Deutsche Sagen ("German Legends") is a publication by the Brothers Grimm, appearing in two volumes in 1816 and 1818. The collection includes 579 short summaries of German folk tales and legends (where "German" refers not just to German-speaking Europe generally but includes early Germanic history as well).

Deutsche Sagen followed the 1812 publication of Kinder- und Hausmärchen (known in English as Grimms' Fairy Tales). It never gained the wide popular appeal and influence of the latter, although it did influence the scholarly study of folk narrative.

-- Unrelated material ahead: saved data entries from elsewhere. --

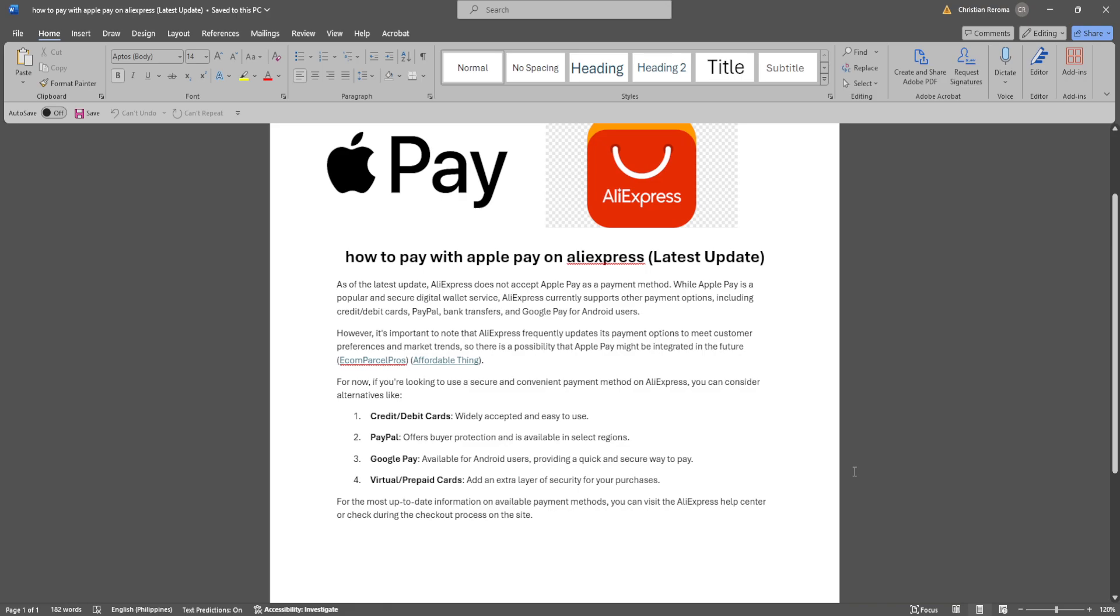For now, if you're looking to use a secure and convenient payment method on AliExpress, you can consider alternatives like credit or debit cards which are widely accepted and easy to use, PayPal that offers buyer protection and is available in select regions, Google Pay that is available for Android users providing a quick and secure way to pay, and virtual or prepaid cards that add an extra layer of security for your purchases.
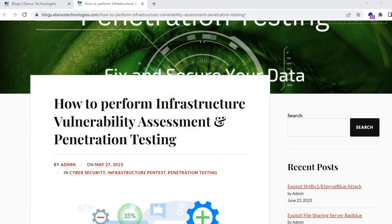Hello everyone, welcome to our new vlog of ELNS Technologies. In this vlog we will discuss about infrastructure vulnerability assessment and penetration testing steps. The content of this vlog is already present on our website blogs.elns.technologies — please check out the link in the video description. This vlog focuses only on the theoretical part, highlighting how a penetration tester performs penetration testing on any project.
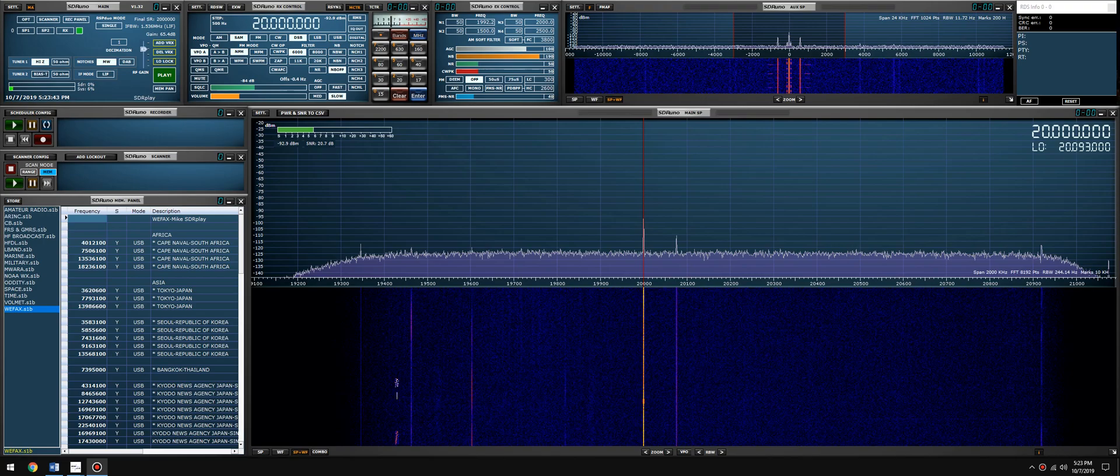Hey what's going on everybody, it's Mike Katie 2KOG, part of the technical support staff here at SDRplay.com. This video is going to cover the basics to decoding WEFAX signals.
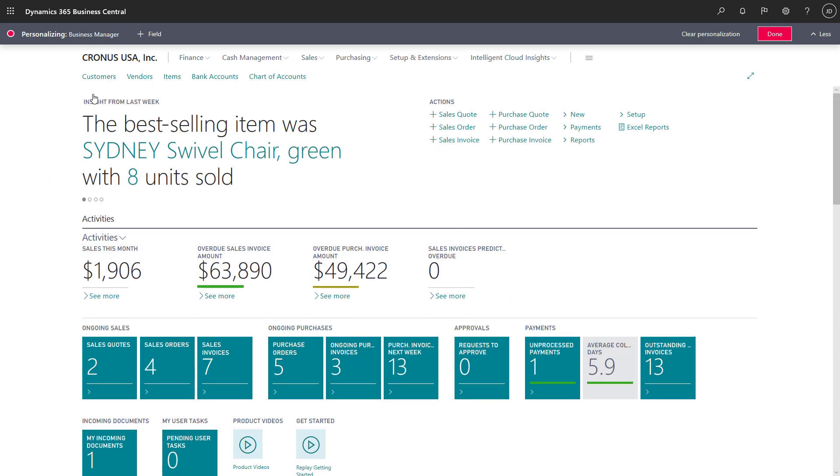We can customize the options on the navigation bar, hide options we don't need, and reorganize ones we use frequently.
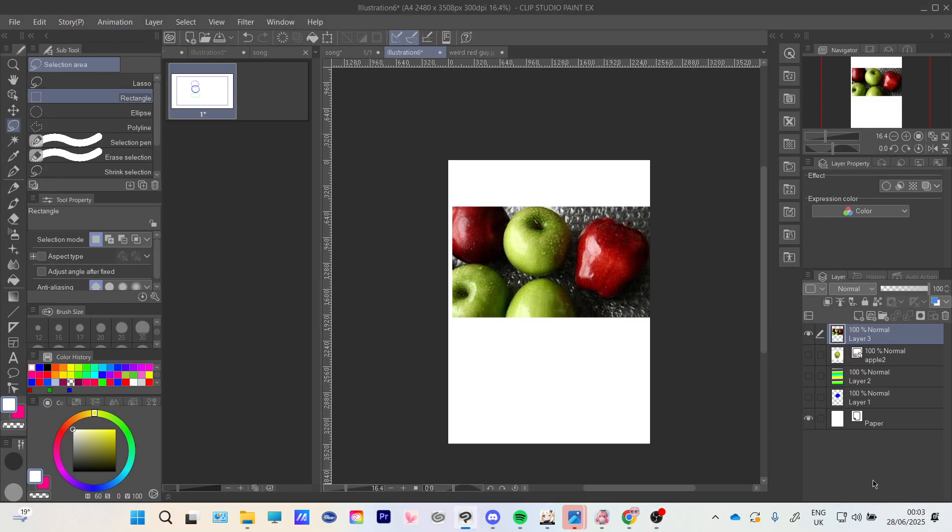Hello everyone, welcome back to another video. Today I will show you how to crop in Clip Studio Paint.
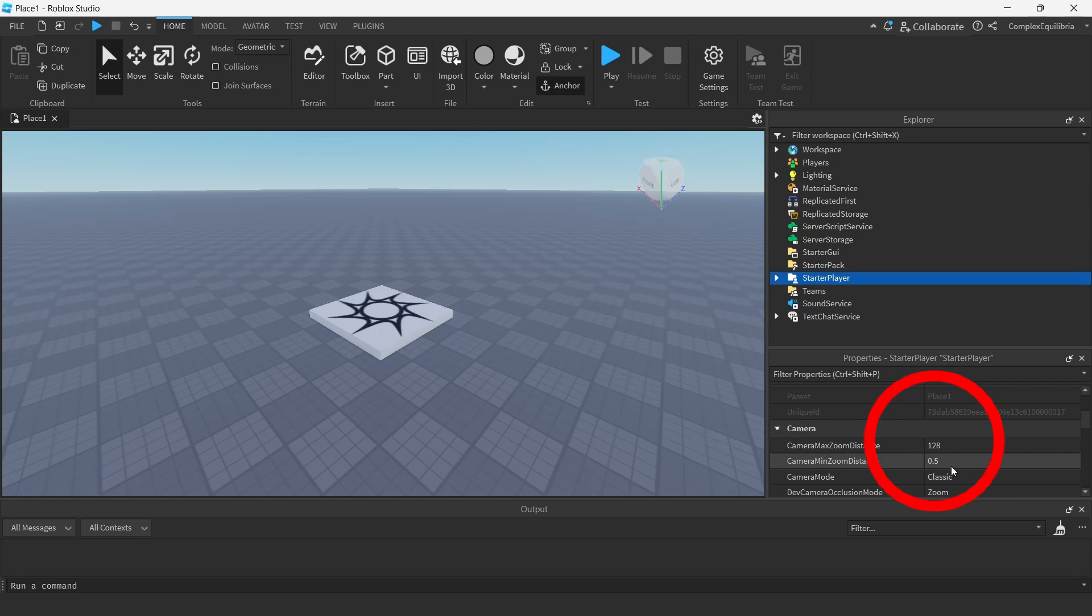There, you will see Camera Max Zoom Distance and Camera Min Zoom Distance. Camera Max Zoom Distance will control how far the camera can move away from the player's characters in studs.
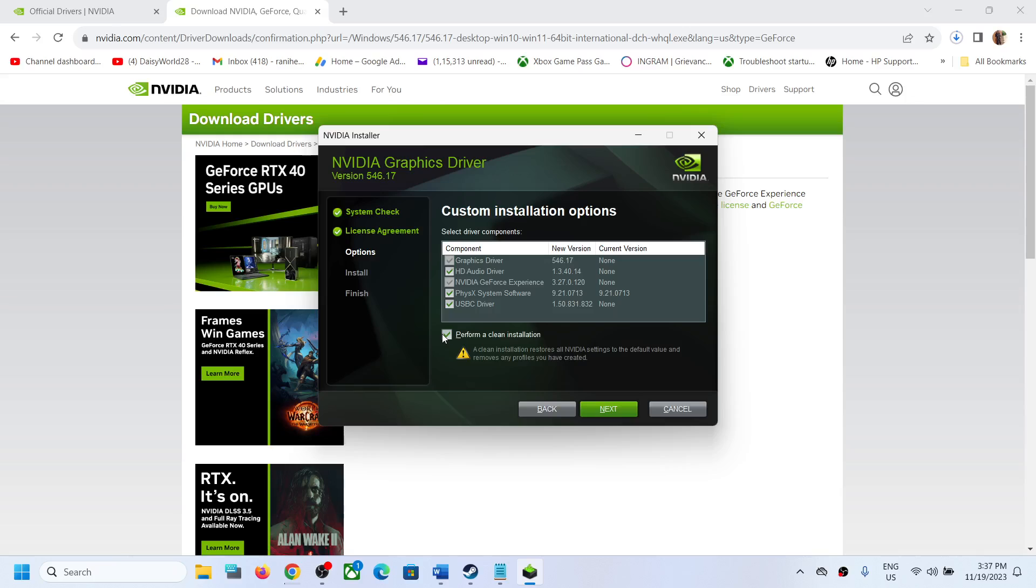Make sure that you put a check on the box which says perform a clean installation, and then click on next. And it will first of all uninstall the previous version and then it will do a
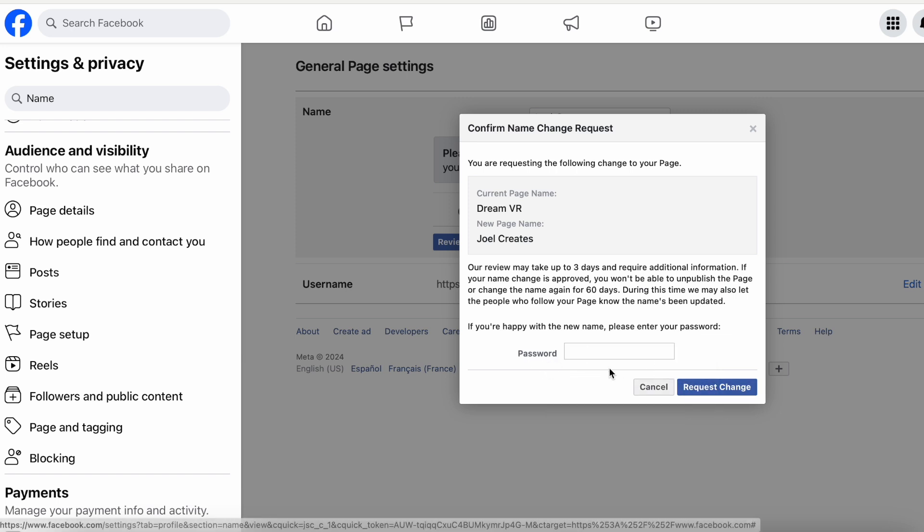That's how you do it. It will take three days to change your name. Now you know for 2025.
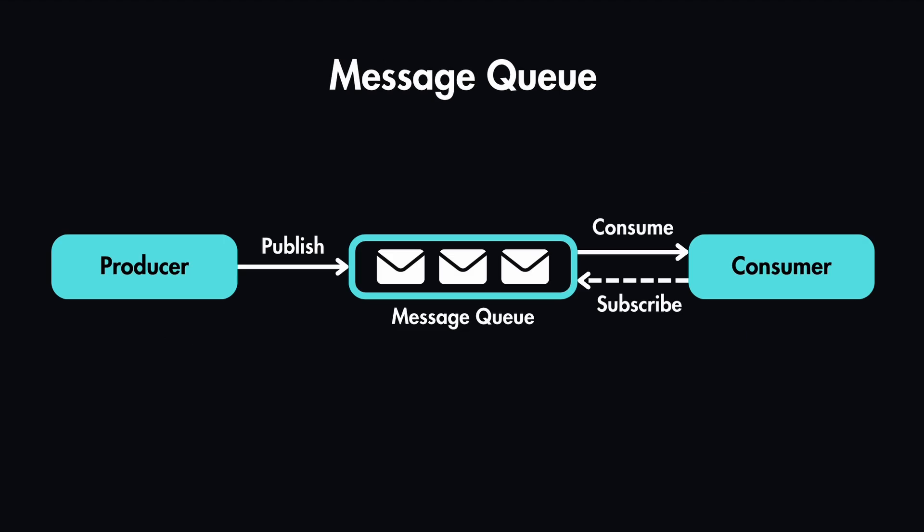And that's a very high-level explanation of what message queues are and what are their use cases. If you'd like to see how these message queues can be used in action when designing large-scale distributed systems, then you can check out these videos next.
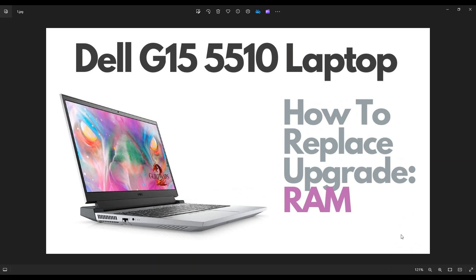Hey guys, my name's Jamin. Thanks so much for visiting my channel. In this video, I have a Dell G15 5510 gaming laptop. I'm going to show you how to get inside and access your memory.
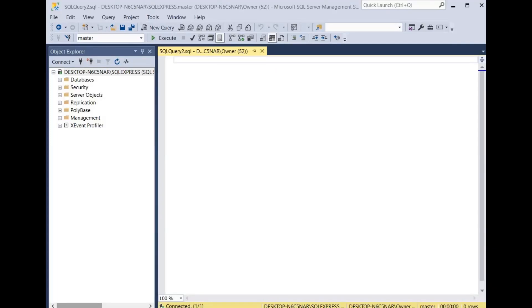Hello and welcome to my channel. Today I will discuss five errors that are commonly encountered when executing queries in SQL Server.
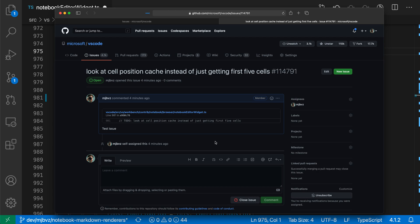Linking to-dos to GitHub issues can make sure that those to-dos aren't ignored. That's how you can use the GitHub pull request and issues extension to quickly create issues from to-do comments in your code base.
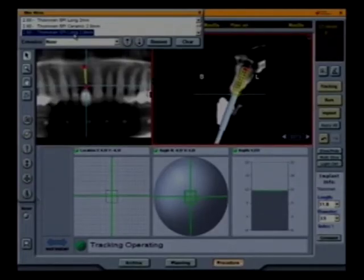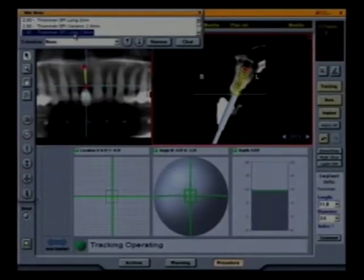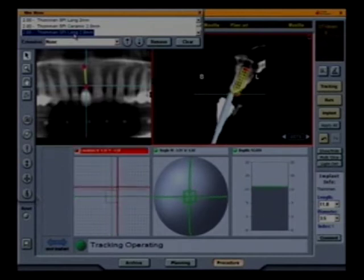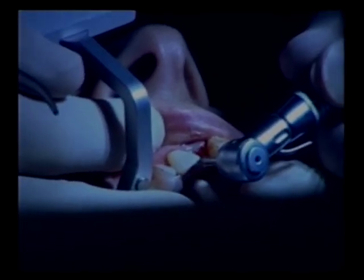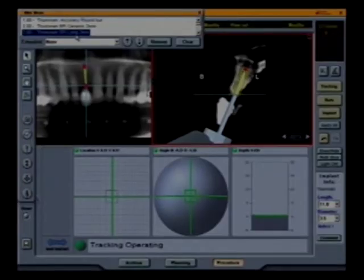Small adjustments can still be made if need be. You could change the position of the implant on the software and carry out that plan in just a matter of a minute or two. So again, flexible — allows some on-the-fly adjustments. We're approaching the depth. Should be there in just a second. It will start to beep and turn red.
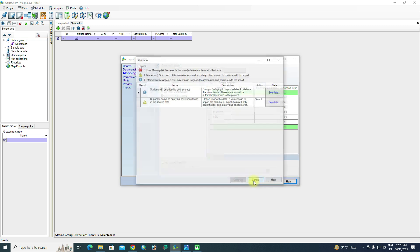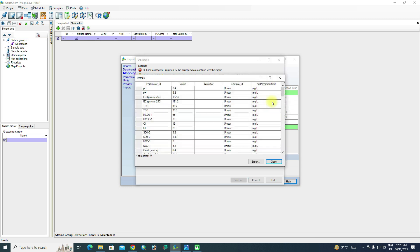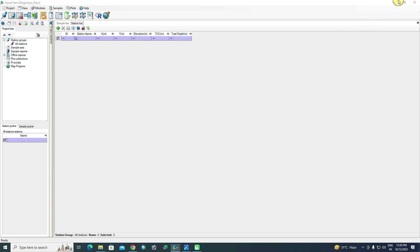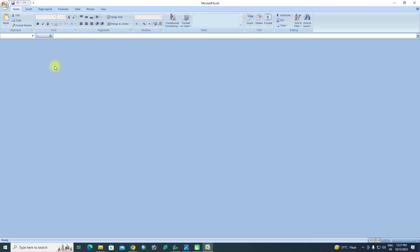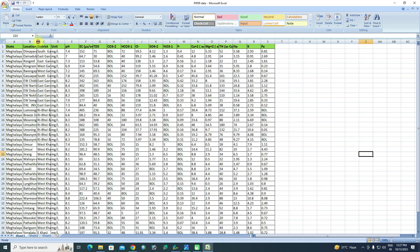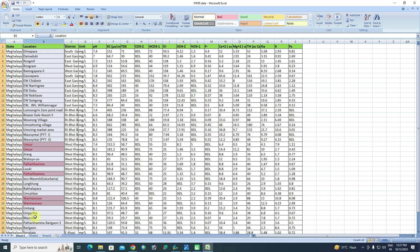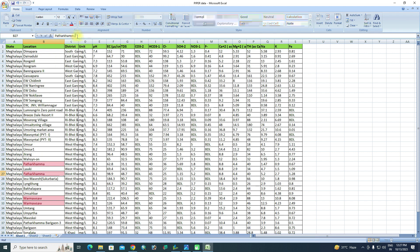An error appears: 'Duplicate sample analysis have been found.' You can see in the location column that some duplicate names exist. Cancel the import. Go back to the Excel sheet, select the location column, and use Conditional Formatting — Highlight Cell Rules — Duplicate Values to identify them. Change the duplicate names (e.g., add numbers like 1, 2, 3) to make each name unique. Do this for all duplicates.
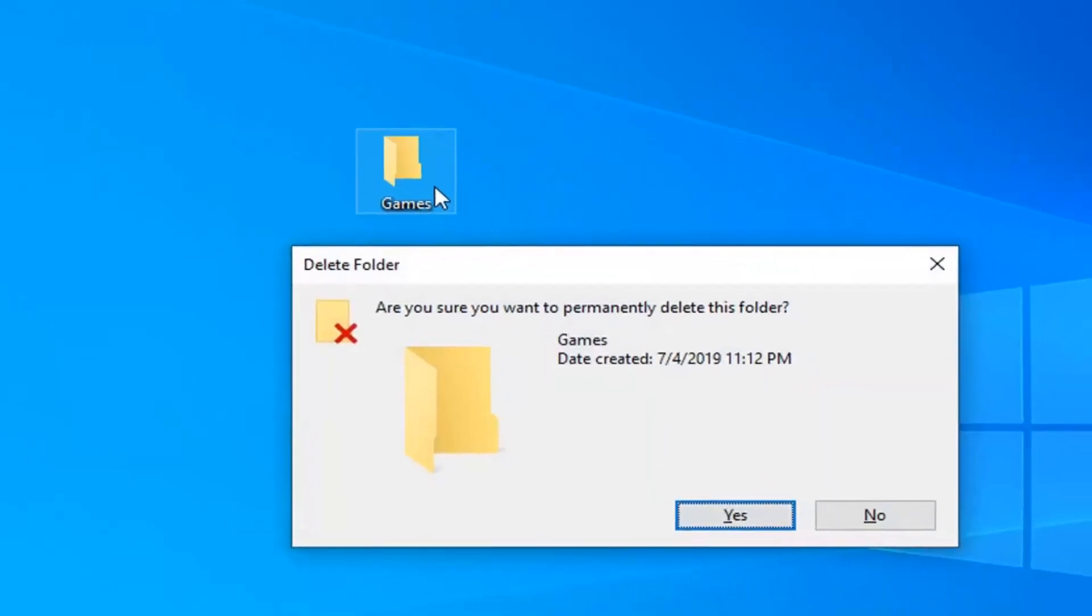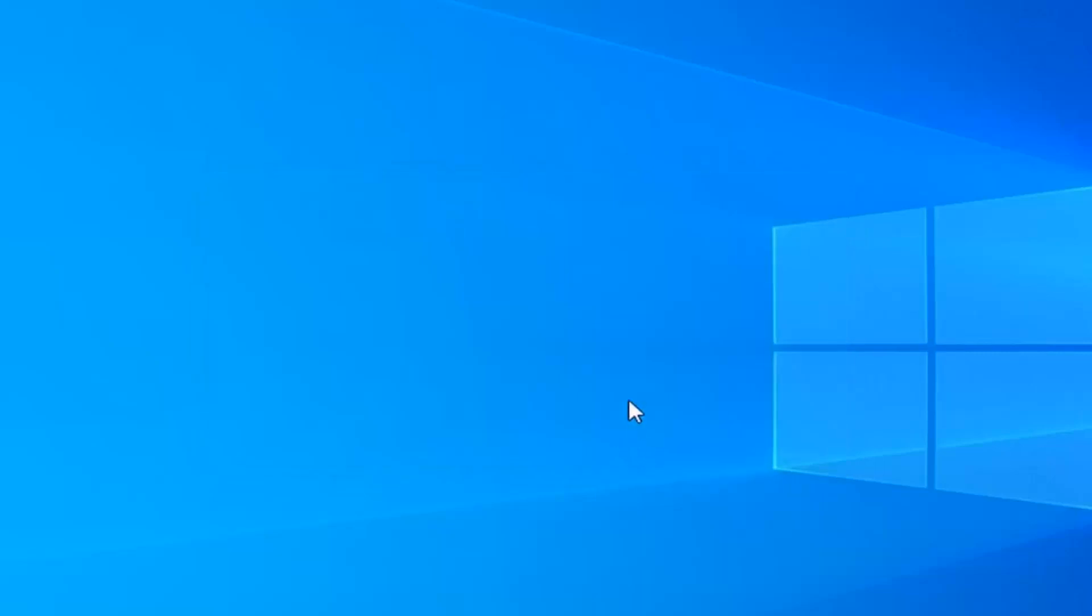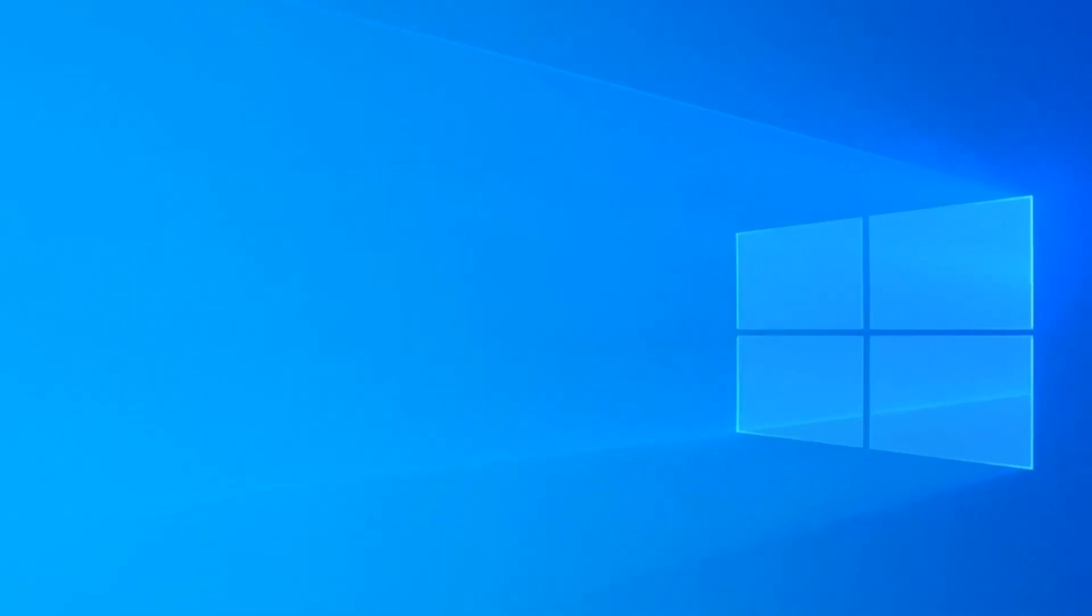And then you should be prompted with are you sure you want to permanently delete this folder? You want to select yes, and then that should hopefully resolve the problem.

The first volume contains 362 short tales, provided in short summary with a source. The source is in some cases "oral", with the region where it was collected (as in no. 1, Die drei Bergleute im Kuttenberg "the three miners in Kuttenberg", marked "oral" from Hessen), in other cases with a reference to the tale's previous publication (as in no. 362, Die drei Alten "The three old men", attributed to "Schmidt aus Lübek", im Freimüthigen 1809. Nr. 1.) The tales of the first volume tend to blend common concerns of the poor and working classes with magical realism including the attainment of wealth and status, and includes references to Frau Holle, the Wild Hunt, ghostly apparitions, and magic, the devil, dwarves, giants, kobolds, nixes, etc. Less than a dozen folk tales contain the German word for witch or witchcraft (hexen) but there are many mentions of the devil and one tale (#120) also mentions an old woman that was a magician or sorceress (ein altes Weib, das eine Zauberin war).

The second volume (entries numbered 363-579) focusses on historical legends, including numerous translations from Latin sources pertaining to Germanic antiquity, beginning with Tacitus (no 363. Der heilige Salzfluß "the sacred salt-river", Annales XIII. 57), spanning both medieval legend
(e.g. no. 576. Hungersnoth im Grabfeld "famine in Grabfeld", Annales Fuldenses ad ann. 850) and early modern folkloristic records (e.g. no. 579 Die Gräfin von Orlamünde "the countess of Orlamünde", attributed to Wolfgang Lazius de migratione gentium libri VII in the edition of Waldenfels, antiquitatis selectae libri XII 1677, 4.465-474), blurring the lines between oral folk tradition and literary tradition.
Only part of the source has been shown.